Supplied data >>
=======

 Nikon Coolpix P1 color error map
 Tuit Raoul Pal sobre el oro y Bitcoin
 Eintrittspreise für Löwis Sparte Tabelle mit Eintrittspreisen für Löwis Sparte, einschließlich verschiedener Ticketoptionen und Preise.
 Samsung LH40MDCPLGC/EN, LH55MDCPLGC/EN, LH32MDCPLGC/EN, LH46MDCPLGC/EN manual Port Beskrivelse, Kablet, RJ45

=======

Task details >>
Would you transcribe the entire listing above without any deviation?

Answer for the task >>
 Nikon Coolpix P1 color error map
 Tuit Raoul Pal sobre el oro y Bitcoin
 Eintrittspreise für Löwis Sparte Tabelle mit Eintrittspreisen für Löwis Sparte, einschließlich verschiedener Ticketoptionen und Preise.
 Samsung LH40MDCPLGC/EN, LH55MDCPLGC/EN, LH32MDCPLGC/EN, LH46MDCPLGC/EN manual Port Beskrivelse, Kablet, RJ45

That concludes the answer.